Obligé de quitter la Bolivie en 1973 pour des raisons de santé, beaucoup reliées à des choix déchirants, inconfortable avec les demandes du peuple, à l’impossibilité de faire du vrai travail pastoral, au  climat politique instable et aux nombreuses révolutions en cours, je me suis senti ébranlé à plusieurs niveaux.

La communauté m’offre de me recycler comme étudiant en pastorale à  l’Université St-Paul d’Ottawa et de parcourir la province en prêchant pour les missions. Durant cette année, je me remets de plus en plus en question et je réalise que j’ai perdu la foi dans mon choix de vie et que je ne peux  plus vivre ainsi. Je choisis alors de me laïciser tout en faisant une 2ième année d’études en counselling matrimonial.

La rencontre fortuite de Nicole qui a un vécu presque similaire au mien me dynamise et nous décidons de refaire notre vie ensemble. La liberté de vivre comme laïc et de me marier m’arrive de Rome, six mois plus tard.

Engagé en 1975, comme consultant conjugal dans un C.S.S. de Shawinigan, j’occupe ce poste durant 25 ans même après l’implantation des C.L.S.C. C’est la plus belle période de ma vie professionnelle.

La retraite

Une crise cardiaque et des pontages, au début de l’an 2000, me poussent vers la retraite définitivement. Parents de deux garçons, l’un devenu ingénieur et l’autre spécialisé en informatique, nous vivons maintenant paisiblement à St-Étienne-des-Grès, nous comptant chanceux d’être encore en assez bonne santé. La photo du haut me montre en compagnie de mon épouse Nicole Verville, tenant notre premier petit-fils. Toujours poussé par mon penchant sauveteur, je reste cependant encore impliqué dans mon milieu au niveau scolaire, social, et paroissial, en apportant juste ce dont je me sens capable.

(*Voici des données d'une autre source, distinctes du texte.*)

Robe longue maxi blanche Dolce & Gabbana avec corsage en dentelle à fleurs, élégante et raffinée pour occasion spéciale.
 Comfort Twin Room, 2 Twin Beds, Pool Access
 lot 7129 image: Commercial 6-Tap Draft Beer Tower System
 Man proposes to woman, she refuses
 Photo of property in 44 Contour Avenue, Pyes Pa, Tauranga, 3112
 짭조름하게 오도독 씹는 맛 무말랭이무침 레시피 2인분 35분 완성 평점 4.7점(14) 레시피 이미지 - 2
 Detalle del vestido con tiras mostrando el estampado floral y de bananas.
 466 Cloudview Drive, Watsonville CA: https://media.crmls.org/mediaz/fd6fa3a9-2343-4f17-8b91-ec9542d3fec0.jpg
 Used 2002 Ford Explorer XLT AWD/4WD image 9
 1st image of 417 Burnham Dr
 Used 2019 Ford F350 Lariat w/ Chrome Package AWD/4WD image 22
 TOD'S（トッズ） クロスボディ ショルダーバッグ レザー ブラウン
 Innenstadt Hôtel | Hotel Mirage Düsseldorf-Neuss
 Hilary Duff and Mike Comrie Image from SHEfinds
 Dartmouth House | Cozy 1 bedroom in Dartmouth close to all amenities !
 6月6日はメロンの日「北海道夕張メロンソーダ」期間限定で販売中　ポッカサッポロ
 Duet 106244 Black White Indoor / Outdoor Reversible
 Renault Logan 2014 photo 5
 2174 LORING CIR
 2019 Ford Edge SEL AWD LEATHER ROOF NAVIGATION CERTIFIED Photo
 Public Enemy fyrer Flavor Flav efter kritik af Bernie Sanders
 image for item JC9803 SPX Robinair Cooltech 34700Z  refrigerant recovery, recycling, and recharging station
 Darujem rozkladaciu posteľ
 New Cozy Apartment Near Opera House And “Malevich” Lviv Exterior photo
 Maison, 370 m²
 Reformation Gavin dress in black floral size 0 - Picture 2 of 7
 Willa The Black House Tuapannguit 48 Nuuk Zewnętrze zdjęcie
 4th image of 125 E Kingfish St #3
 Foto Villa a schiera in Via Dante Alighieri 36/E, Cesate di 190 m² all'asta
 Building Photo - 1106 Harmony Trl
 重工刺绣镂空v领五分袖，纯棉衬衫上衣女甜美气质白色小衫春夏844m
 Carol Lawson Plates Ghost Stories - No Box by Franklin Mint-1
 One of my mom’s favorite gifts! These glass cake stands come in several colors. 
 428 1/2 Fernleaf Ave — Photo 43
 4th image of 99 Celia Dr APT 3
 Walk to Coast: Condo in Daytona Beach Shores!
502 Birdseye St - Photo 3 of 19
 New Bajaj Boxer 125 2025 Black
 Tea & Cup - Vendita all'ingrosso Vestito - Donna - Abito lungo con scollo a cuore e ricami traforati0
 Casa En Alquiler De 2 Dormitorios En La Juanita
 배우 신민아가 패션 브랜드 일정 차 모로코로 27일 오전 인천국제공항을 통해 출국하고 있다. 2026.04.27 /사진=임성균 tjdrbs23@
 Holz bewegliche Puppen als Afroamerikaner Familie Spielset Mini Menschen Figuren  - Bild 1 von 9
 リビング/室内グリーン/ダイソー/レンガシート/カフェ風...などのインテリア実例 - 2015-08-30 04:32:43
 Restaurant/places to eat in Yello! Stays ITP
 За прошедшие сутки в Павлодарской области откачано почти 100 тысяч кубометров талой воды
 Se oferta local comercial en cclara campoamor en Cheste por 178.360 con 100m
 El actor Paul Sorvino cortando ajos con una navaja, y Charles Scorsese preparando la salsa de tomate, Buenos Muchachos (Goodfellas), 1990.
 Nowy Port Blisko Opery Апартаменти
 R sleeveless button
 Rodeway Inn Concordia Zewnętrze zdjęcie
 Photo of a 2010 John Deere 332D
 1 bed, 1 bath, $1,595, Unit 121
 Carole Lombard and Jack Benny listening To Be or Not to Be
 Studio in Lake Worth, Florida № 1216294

Nos voyages en Europe et en Amérique Latine nous rappellent comment nous sommes privilégiés de vivre au Québec.

Je termine en vous saluant tous et j’espère avoir l’occasion de lire d’autres petites « biographies » de mes confrères. C’est toujours un plaisir d’entendre parler des anciens du Collège. La vie nous réserve parfois de belles surprises…

 

Note. Quatre confrères avec qui je suis resté en contact :

Claude Bérubé, décédé  le 09-06-2015, qui a travaillé avec moi durant 10 ans;

Gérard Quintin, retrouvé en 1975 à Ottawa, lui aussi consultant conjugal;

Guy Lapierre, mon cousin germain, avec qui j’aimerais bien échanger; et

Alphonse Lacasse, né comme moi à Saint-Anselme et parti trop vite.

 

(1) Patronage de Lévis, pensionnat extérieur dont le Collège de Lévis acceptait par entente les élèves.

(2) Ville de 630 500 habitants, à 382 km au sud-est de La Paz par les routes.

 

Barrage La Gabelle, St-Étienne-des-Grès

À Saint-Étienne-des-Grès, barrage La Gabelle, érigé entre 1922 et 1924, ayant déjà fait partie du réseau de la Shawinigan Water and Power. Accessible aux visiteurs.